Hello: Does anyone know where I can find skew bevel gears?

Johnny


----------



## DKRickman (Mar 25, 2008)

Try the rear end of a 63 Jaguar XKE *hehe* 

What size, material, application, etc.?


----------



## R Snyder (May 12, 2009)

I am also looking for some skew bevel gears of a size that would be suitable for the trucks on a 1.20.3 live steam Climax. I think bronze or steel would be appropriate.


----------



## daveb (Jan 2, 2008)

try bostongear.com or sdi-si.com


----------



## msimpson (Jan 5, 2009)

I don't know exactly what you need, but MeccanoMan has a world of gears (and other interesting stuff) -- http://meccanoman.co.uk/catalog/index.php?cPath=1_14 

He is a one man outfit, and generally only opens up a day or two a month, spending the rest of the time filling back orders and attending various shows. That said, I've made three or four orders from him, always gotten exactly what i ordered, and found lots of really neat stuff. 

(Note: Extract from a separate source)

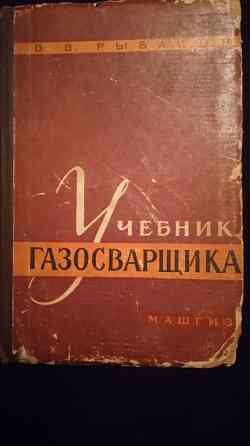 Учебник газосварщика и газорезчика, учебное пособие. Макеевка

Good luck and best regards, Mike


----------



## Pete Thornton (Jan 2, 2008)

I can find skew bevel gears 
Ever since I got my Graham Twin steam motor I have had my eye on a Class A Climax. A few years ago I found some Climax trucks with the skew gears offered - maybe by DJB ? [David - was that you? Not currently on your/his website.] 

I did a google and turned up this interesting page: *http://www.ent.ohiou.edu/~urieli/st...limax.html* "A Class A Climax" by Andy Ross. Andy used straight bevel gears and a pair of spur/helical gears to raise the shaft above the bevel.


----------



## HMeinhold (Jan 2, 2008)

When I built my A-Climax, I was very lucky. Vance Bass found some skew bevel gears in a surplus shop. He thinks they were spare parts for a Tamiya car. See here: 










Regards


----------



## David BaileyK27 (Jan 2, 2008)

I can still supply the castings for the skew bevels I used for the A class Climax, but I need at least 10 orders to make it viable. 
David Bailey www.djbengineering.co.uk


----------



## livesteam5629 (Jan 2, 2008)

Check out Small Parts.com They have all kinds of small gears. 
N


----------



## R Snyder (May 12, 2009)

I can come up with orders for 2 or 3 sets of David's gear castings. Is anyone else interested to get up to ten?


----------



## HMeinhold (Jan 2, 2008)

Posted By livesteam5629 on 12 Feb 2010 05:23 AM 
Check out Small Parts.com They have all kinds of small gears. 
N Noel,
skew bevel gears are extremely hard to come by. This type of gear was obsoleted around 1980 when hypoid gears replaced them - which by the way don't look right with a Climax. None of the usual sources of gears (as suggested above) carries them any more. They have to be custom made (see db or Kozo's books) or you hit the jackpot like I (or better Vance) did.
Regards


----------



## rwjenkins (Jan 2, 2008)

Posted By R Snyder on 12 Feb 2010 07:13 AM 
I can come up with orders for 2 or 3 sets of David's gear castings. Is anyone else interested to get up to ten? 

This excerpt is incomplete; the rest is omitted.